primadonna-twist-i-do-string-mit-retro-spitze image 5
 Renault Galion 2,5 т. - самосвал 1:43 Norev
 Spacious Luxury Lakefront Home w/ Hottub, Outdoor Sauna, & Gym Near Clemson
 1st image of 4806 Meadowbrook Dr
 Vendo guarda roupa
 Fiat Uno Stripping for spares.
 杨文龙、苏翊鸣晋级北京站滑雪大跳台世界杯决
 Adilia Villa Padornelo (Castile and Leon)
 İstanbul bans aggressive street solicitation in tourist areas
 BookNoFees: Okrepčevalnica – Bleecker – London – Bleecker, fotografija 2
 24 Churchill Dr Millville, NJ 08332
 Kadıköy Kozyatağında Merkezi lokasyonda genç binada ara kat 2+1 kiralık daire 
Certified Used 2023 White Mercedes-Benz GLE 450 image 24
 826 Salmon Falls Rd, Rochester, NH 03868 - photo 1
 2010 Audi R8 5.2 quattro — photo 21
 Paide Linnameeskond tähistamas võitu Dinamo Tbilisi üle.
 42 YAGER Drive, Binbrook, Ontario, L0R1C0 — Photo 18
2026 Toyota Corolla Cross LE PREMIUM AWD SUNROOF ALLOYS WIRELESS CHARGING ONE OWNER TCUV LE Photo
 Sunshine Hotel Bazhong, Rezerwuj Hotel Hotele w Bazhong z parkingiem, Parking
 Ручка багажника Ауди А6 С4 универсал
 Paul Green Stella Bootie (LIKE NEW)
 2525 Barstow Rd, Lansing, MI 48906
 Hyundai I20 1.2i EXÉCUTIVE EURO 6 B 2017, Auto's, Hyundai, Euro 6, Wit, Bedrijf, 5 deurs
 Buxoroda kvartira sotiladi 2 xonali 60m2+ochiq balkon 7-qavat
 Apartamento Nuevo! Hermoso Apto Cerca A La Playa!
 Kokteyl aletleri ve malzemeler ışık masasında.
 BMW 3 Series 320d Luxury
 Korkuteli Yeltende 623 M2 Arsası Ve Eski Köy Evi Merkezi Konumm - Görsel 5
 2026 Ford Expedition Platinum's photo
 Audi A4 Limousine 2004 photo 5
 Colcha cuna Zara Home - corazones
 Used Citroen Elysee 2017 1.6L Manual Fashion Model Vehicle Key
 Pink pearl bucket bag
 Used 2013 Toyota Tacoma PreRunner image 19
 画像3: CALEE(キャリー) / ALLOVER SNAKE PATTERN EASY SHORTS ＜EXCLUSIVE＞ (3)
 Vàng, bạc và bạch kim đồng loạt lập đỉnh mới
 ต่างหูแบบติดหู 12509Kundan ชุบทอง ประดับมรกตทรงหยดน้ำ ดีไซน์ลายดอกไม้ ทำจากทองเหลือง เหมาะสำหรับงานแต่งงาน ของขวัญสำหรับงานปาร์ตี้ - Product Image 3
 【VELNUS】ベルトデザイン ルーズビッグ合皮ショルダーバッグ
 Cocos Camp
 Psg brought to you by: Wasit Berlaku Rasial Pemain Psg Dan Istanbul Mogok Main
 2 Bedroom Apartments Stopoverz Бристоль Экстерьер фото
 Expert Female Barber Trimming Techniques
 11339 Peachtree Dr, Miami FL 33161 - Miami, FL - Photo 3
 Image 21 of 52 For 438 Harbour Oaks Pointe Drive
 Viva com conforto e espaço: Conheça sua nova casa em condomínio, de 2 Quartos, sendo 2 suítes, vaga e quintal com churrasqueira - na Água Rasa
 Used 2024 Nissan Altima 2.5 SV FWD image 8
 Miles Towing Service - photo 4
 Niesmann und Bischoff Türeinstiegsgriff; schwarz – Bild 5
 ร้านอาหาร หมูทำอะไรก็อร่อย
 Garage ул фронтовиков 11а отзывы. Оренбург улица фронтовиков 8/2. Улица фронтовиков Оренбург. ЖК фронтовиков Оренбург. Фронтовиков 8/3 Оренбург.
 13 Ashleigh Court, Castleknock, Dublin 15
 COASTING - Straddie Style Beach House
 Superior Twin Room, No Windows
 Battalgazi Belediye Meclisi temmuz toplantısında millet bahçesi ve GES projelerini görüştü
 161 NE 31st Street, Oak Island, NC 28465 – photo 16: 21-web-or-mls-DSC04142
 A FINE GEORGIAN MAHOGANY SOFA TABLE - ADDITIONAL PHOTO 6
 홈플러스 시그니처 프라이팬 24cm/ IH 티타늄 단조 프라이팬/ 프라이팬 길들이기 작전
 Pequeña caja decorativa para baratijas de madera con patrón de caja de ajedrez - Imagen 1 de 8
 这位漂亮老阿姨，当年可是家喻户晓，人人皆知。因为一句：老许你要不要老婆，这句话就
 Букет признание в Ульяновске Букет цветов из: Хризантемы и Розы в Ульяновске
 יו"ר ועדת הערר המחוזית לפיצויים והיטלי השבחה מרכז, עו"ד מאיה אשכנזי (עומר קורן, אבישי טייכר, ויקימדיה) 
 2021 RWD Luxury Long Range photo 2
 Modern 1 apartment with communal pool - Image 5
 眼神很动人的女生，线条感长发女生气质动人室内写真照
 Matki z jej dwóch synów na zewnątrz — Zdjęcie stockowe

* _Exercise requirements_:
Reproduce the listing above verbatim, from first line to last.

* _Answer to this problem_:
primadonna-twist-i-do-string-mit-retro-spitze image 5
 Renault Galion 2,5 т. - самосвал 1:43 Norev
 Spacious Luxury Lakefront Home w/ Hottub, Outdoor Sauna, & Gym Near Clemson
 1st image of 4806 Meadowbrook Dr
 Vendo guarda roupa
 Fiat Uno Stripping for spares.
 杨文龙、苏翊鸣晋级北京站滑雪大跳台世界杯决
 Adilia Villa Padornelo (Castile and Leon)
 İstanbul bans aggressive street solicitation in tourist areas
 BookNoFees: Okrepčevalnica – Bleecker – London – Bleecker, fotografija 2
 24 Churchill Dr Millville, NJ 08332
 Kadıköy Kozyatağında Merkezi lokasyonda genç binada ara kat 2+1 kiralık daire 
Certified Used 2023 White Mercedes-Benz GLE 450 image 24
 826 Salmon Falls Rd, Rochester, NH 03868 - photo 1
 2010 Audi R8 5.2 quattro — photo 21
 Paide Linnameeskond tähistamas võitu Dinamo Tbilisi üle.
 42 YAGER Drive, Binbrook, Ontario, L0R1C0 — Photo 18
2026 Toyota Corolla Cross LE PREMIUM AWD SUNROOF ALLOYS WIRELESS CHARGING ONE OWNER TCUV LE Photo
 Sunshine Hotel Bazhong, Rezerwuj Hotel Hotele w Bazhong z parkingiem, Parking
 Ручка багажника Ауди А6 С4 универсал
 Paul Green Stella Bootie (LIKE NEW)
 2525 Barstow Rd, Lansing, MI 48906
 Hyundai I20 1.2i EXÉCUTIVE EURO 6 B 2017, Auto's, Hyundai, Euro 6, Wit, Bedrijf, 5 deurs
 Buxoroda kvartira sotiladi 2 xonali 60m2+ochiq balkon 7-qavat
 Apartamento Nuevo! Hermoso Apto Cerca A La Playa!
 Kokteyl aletleri ve malzemeler ışık masasında.
 BMW 3 Series 320d Luxury
 Korkuteli Yeltende 623 M2 Arsası Ve Eski Köy Evi Merkezi Konumm - Görsel 5
 2026 Ford Expedition Platinum's photo
 Audi A4 Limousine 2004 photo 5
 Colcha cuna Zara Home - corazones
 Used Citroen Elysee 2017 1.6L Manual Fashion Model Vehicle Key
 Pink pearl bucket bag
 Used 2013 Toyota Tacoma PreRunner image 19
 画像3: CALEE(キャリー) / ALLOVER SNAKE PATTERN EASY SHORTS ＜EXCLUSIVE＞ (3)
 Vàng, bạc và bạch kim đồng loạt lập đỉnh mới
 ต่างหูแบบติดหู 12509Kundan ชุบทอง ประดับมรกตทรงหยดน้ำ ดีไซน์ลายดอกไม้ ทำจากทองเหลือง เหมาะสำหรับงานแต่งงาน ของขวัญสำหรับงานปาร์ตี้ - Product Image 3
 【VELNUS】ベルトデザイン ルーズビッグ合皮ショルダーバッグ
 Cocos Camp
 Psg brought to you by: Wasit Berlaku Rasial Pemain Psg Dan Istanbul Mogok Main
 2 Bedroom Apartments Stopoverz Бристоль Экстерьер фото
 Expert Female Barber Trimming Techniques
 11339 Peachtree Dr, Miami FL 33161 - Miami, FL - Photo 3
 Image 21 of 52 For 438 Harbour Oaks Pointe Drive
 Viva com conforto e espaço: Conheça sua nova casa em condomínio, de 2 Quartos, sendo 2 suítes, vaga e quintal com churrasqueira - na Água Rasa
 Used 2024 Nissan Altima 2.5 SV FWD image 8
 Miles Towing Service - photo 4
 Niesmann und Bischoff Türeinstiegsgriff; schwarz – Bild 5
 ร้านอาหาร หมูทำอะไรก็อร่อย
 Garage ул фронтовиков 11а отзывы. Оренбург улица фронтовиков 8/2. Улица фронтовиков Оренбург. ЖК фронтовиков Оренбург. Фронтовиков 8/3 Оренбург.
 13 Ashleigh Court, Castleknock, Dublin 15
 COASTING - Straddie Style Beach House
 Superior Twin Room, No Windows
 Battalgazi Belediye Meclisi temmuz toplantısında millet bahçesi ve GES projelerini görüştü
 161 NE 31st Street, Oak Island, NC 28465 – photo 16: 21-web-or-mls-DSC04142
 A FINE GEORGIAN MAHOGANY SOFA TABLE - ADDITIONAL PHOTO 6
 홈플러스 시그니처 프라이팬 24cm/ IH 티타늄 단조 프라이팬/ 프라이팬 길들이기 작전
 Pequeña caja decorativa para baratijas de madera con patrón de caja de ajedrez - Imagen 1 de 8
 这位漂亮老阿姨，当年可是家喻户晓，人人皆知。因为一句：老许你要不要老婆，这句话就
 Букет признание в Ульяновске Букет цветов из: Хризантемы и Розы в Ульяновске
 יו"ר ועדת הערר המחוזית לפיצויים והיטלי השבחה מרכז, עו"ד מאיה אשכנזי (עומר קורן, אבישי טייכר, ויקימדיה) 
 2021 RWD Luxury Long Range photo 2
 Modern 1 apartment with communal pool - Image 5
 眼神很动人的女生，线条感长发女生气质动人室内写真照
 Matki z jej dwóch synów na zewnątrz — Zdjęcie stockowe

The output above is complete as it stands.